New Release: Siblings in the BUNMD and CenSoc-Numident Dataset

We are excited to announce the release of sibships in the Berkeley Unified Numident Mortality Database (BUNMD) and CenSoc-Numident dataset.

Sibling comparisons are a useful tool that allow researchers to control for shared, unmeasured confounding variables. However, sibling relationships are not identified in administrative mortality data, and are difficult to establish in census data if siblings are not residing in the same household. In order to identify siblings in the BUNMD and CenSoc-Numident (which links the BUNMD with the 1940 Census), we use parents’ names as listed in Social Security Numident records. Specifically, individuals must agree on four name variables to be declared siblings: father’s first name, father’s last name, mother’s first name, and mother’s last (maiden/unmarried) name.

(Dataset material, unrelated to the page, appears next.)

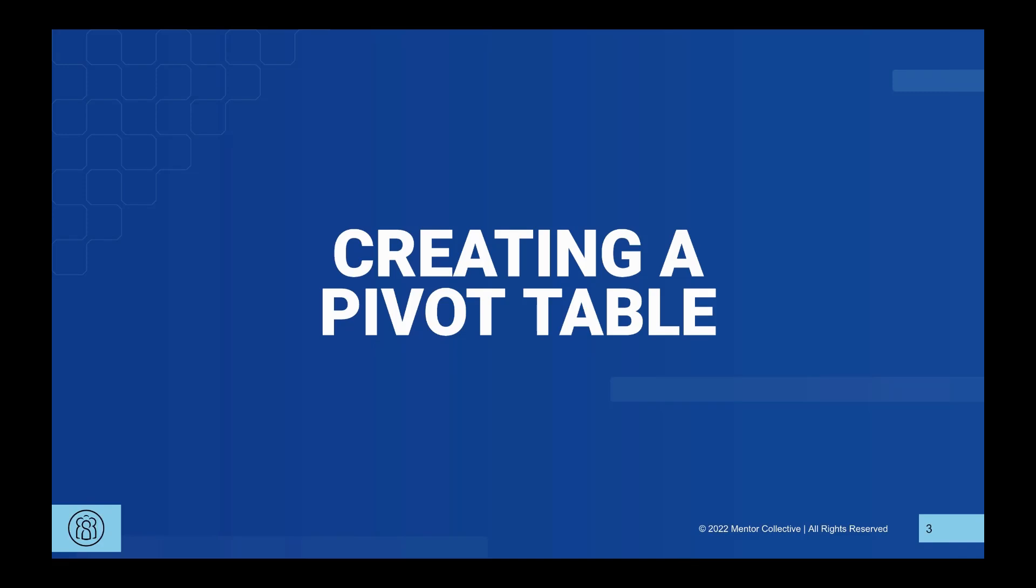One of the best ways to quickly summarize and categorize a large amount of data is to create a pivot table. In this video, we will walk through how to create a pivot table for your analysis.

We use two strategies to match siblings:

The exact match method identifies siblings only with exactly identical parent names (after names have undergone cleaning and standardization).
The flexible match method permits parents’ names to be slightly different, within a threshold defined by Jaro–Winkler string distance, in addition to exact matches. This allows siblings to be matched even in cases of minor misspellings, mistranscriptions, or spelling variations in parents’ names among sibships (e.g., mother’s maiden name recorded as “Brannum” and “Branum”). This increases the number of siblings found, but has higher potential to falsely match unrelated individuals. Most (but not all) individuals and sibling connections identified using the exact match method are also identified using this method.

The resulting sibships are among people who died at 65+ in the years 1988-2005, may be of any gender composition, and contain from 2-9 siblings (BUNMD) or 2-8 siblings (CenSoc-Numident). An overview of the siblings identified for each CenSoc dataset and matching method is below:

Dataset	Method	N Sibships	N Individuals
BUNMD	Exact	2.13 million	4.77 million
BUNMD	Flexible	2.71 million	6.12 million
CenSoc-Numident	Exact	427 thousand	908 thousand
CenSoc-Numident	Flexible	552 thousand	1.19 million

Sibships found using both matching strategies are highly concordant in characteristics that siblings would usually be expected to share, including birth state and race. And as these methods rely solely on parents’ names, sibling groups are not required to share a common surname, allowing sisters with differing married names to be matched to their siblings. However, a main limitations is that only individuals who both know and record all parent name variables can be matched to their siblings. Not all members of a sibship may be matched to each other, making precise sibship size and birth order uncertain.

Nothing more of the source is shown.